Number of HISD Exemplary and Recognized Schools Drops in Preliminary TAKS Results
Houston ISD has fewer exemplary and recognized schools, stayed exactly the same in the number of acceptable schools and increased in the number of its unacceptable schools, according to state accountability ratings based on preliminary TAKS results.
HISD results go backwards
Houston ISD Superintendent Terry Grier has called for a news conference at 11 a.m. Thursday to release the district's results from student scores on the Texas Assessment of Knowledge and Skills. The Texas Education Agency uses these scores in rating the public schools throughout the state, with "exemplary" being the highest rating.
Hair Balls got an early look at the data developed by HISD and thought our readers would like to get the public information as soon as possible as well.

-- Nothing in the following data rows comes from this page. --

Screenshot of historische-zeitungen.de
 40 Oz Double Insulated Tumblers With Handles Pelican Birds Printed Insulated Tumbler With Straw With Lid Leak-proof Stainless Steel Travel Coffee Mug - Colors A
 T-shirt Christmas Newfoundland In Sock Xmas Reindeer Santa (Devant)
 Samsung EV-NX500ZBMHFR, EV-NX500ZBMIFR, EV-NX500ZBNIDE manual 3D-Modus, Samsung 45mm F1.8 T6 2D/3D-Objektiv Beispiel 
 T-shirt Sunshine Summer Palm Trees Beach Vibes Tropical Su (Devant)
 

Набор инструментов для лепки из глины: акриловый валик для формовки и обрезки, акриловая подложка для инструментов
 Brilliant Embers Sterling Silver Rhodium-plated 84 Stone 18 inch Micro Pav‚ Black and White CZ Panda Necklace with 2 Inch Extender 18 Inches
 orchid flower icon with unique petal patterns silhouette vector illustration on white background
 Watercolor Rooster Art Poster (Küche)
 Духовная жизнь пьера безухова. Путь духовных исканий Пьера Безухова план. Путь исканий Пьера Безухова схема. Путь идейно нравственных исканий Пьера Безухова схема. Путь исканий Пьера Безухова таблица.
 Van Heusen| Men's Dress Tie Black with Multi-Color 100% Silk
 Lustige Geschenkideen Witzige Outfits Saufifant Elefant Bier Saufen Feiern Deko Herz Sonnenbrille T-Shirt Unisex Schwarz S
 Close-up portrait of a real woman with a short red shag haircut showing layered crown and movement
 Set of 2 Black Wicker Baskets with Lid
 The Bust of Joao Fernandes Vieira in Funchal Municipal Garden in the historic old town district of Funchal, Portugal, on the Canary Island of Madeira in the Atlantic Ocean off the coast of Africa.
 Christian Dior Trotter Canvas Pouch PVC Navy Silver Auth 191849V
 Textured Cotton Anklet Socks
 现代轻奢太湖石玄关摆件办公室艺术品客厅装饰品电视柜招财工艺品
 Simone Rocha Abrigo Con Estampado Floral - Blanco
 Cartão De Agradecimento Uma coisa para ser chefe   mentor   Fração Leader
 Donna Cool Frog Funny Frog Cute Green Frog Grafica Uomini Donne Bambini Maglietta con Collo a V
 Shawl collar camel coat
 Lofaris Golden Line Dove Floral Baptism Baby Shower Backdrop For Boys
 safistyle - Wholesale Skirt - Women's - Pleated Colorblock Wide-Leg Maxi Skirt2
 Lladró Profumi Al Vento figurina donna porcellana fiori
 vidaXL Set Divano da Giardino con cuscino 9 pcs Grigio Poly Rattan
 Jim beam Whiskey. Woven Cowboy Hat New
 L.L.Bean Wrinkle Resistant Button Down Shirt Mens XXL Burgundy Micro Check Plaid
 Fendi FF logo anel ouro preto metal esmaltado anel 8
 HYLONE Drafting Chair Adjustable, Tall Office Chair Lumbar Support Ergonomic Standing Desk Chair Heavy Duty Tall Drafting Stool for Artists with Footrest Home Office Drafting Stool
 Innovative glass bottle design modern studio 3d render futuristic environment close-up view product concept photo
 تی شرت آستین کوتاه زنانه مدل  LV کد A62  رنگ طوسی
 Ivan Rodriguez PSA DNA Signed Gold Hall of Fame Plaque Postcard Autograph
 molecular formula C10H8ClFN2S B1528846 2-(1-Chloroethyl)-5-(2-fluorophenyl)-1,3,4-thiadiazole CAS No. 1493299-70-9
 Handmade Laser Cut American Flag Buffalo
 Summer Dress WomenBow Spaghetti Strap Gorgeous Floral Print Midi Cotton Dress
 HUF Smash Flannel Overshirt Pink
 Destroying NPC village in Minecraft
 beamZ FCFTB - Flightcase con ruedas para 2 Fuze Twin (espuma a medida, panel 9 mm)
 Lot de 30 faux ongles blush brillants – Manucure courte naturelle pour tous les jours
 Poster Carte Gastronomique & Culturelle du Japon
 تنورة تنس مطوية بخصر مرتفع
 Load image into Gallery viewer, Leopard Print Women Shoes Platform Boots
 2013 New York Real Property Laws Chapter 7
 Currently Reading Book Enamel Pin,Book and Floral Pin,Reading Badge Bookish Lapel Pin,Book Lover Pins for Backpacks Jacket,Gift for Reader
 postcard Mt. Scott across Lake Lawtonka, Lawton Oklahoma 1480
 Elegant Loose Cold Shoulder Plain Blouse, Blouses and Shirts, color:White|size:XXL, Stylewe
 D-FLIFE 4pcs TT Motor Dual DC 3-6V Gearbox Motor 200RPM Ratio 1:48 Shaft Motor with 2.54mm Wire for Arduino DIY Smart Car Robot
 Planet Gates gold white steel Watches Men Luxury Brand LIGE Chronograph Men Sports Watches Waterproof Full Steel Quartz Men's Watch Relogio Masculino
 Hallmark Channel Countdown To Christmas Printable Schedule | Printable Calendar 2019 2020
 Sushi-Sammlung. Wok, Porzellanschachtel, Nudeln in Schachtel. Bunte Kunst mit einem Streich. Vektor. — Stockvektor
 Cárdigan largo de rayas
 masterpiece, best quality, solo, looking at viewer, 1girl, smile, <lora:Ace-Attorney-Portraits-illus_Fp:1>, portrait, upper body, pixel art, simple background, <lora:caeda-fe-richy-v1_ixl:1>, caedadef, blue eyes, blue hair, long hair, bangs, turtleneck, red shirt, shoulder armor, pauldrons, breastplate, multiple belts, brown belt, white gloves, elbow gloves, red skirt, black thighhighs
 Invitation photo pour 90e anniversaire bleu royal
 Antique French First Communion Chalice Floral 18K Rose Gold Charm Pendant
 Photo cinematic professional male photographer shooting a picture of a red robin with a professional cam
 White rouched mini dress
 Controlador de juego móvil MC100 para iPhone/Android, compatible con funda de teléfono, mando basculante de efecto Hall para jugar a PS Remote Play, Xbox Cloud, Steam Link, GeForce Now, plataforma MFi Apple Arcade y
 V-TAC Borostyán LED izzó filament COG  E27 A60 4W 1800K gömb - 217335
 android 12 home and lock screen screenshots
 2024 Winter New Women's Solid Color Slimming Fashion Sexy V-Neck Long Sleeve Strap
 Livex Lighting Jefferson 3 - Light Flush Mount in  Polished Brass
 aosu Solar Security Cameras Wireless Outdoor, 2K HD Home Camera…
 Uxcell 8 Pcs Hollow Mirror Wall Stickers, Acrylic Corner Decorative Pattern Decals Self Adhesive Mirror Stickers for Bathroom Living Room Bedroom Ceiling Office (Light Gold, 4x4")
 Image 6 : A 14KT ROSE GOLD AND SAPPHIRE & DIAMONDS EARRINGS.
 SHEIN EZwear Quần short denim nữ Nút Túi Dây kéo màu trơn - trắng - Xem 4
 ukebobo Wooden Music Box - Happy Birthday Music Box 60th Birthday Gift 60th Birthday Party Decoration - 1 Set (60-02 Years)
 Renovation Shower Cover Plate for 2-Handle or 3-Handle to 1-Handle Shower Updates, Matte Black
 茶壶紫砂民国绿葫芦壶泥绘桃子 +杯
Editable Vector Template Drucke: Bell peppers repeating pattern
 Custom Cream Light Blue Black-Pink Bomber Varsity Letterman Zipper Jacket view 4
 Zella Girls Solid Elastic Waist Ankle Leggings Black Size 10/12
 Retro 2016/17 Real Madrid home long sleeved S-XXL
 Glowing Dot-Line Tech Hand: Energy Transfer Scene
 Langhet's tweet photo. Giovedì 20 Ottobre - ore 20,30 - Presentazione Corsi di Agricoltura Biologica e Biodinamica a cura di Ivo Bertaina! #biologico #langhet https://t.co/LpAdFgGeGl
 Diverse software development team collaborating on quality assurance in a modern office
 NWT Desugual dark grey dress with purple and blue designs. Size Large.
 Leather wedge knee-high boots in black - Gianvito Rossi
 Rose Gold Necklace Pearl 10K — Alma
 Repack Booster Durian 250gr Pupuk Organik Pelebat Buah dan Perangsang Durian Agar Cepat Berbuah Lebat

The district has embarked upon a "transformation," to try to improve standardized tests and college readiness, especially in the low-performing Apollo 20 turnaround schools. Grier has emphasized repeatedly that if teachers and administrators aren't doing their jobs, he'll get rid of them. With his urging, HISD trustees voted this year to add students' test scores to the criteria used to evaluate teacher performance.
Comparing the 2011 preliminary scores to the unofficial 2010 scores without the Texas Projection Measure (which uses a statistical calculation to decide if a student who failed the TAKS is likely to pass it in the future) showed the district went from 56 to 50 exemplary schools, 113 to 95 recognized schools, stayed level at 91 acceptable schools and increased from 17 to 26 unacceptable schools.
The exemplary gap widens if the 2011 preliminary scores are compared to the final 2010 scores with TPM added -- by which 101 schools were determined to be exemplary.
Comparing the district's results to its accountability ratings in 2008 showed growth in exemplary schools from 14 to 19 percent, a decrease in recognized schools from 44 to 36 percent and a decrease in acceptable schools from 38 to 35 percent. There was an increase in unacceptable schools from 4 percent to 10 percent.
Hair Balls will update, of course, with any new information from Thursday's press conference as well as any statements made by the superintendent and his administration.